• **PROVIDED DATA**:
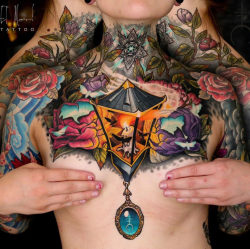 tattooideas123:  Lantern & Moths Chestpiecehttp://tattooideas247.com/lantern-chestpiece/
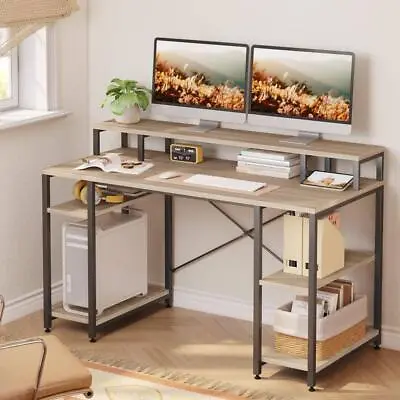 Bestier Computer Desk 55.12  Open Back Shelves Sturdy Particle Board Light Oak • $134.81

* * *

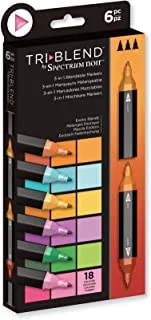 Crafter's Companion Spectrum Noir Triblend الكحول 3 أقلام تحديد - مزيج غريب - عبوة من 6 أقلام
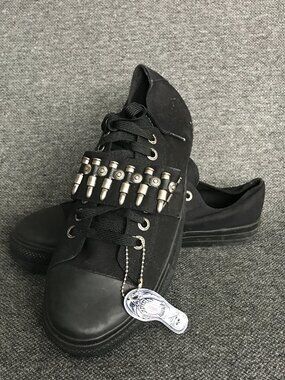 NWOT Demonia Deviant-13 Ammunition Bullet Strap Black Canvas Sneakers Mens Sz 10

• **PROBLEM**: Starting with the line that contains "Crafter's Companion Spectrum" and finishing with the line that contains "NWOT Demonia Deviant-13", reproduce every line of the material above exactly, but not the pictures.

• **EXERCISE OUTPUT**:
 Crafter's Companion Spectrum Noir Triblend الكحول 3 أقلام تحديد - مزيج غريب - عبوة من 6 أقلام
 NWOT Demonia Deviant-13 Ammunition Bullet Strap Black Canvas Sneakers Mens Sz 10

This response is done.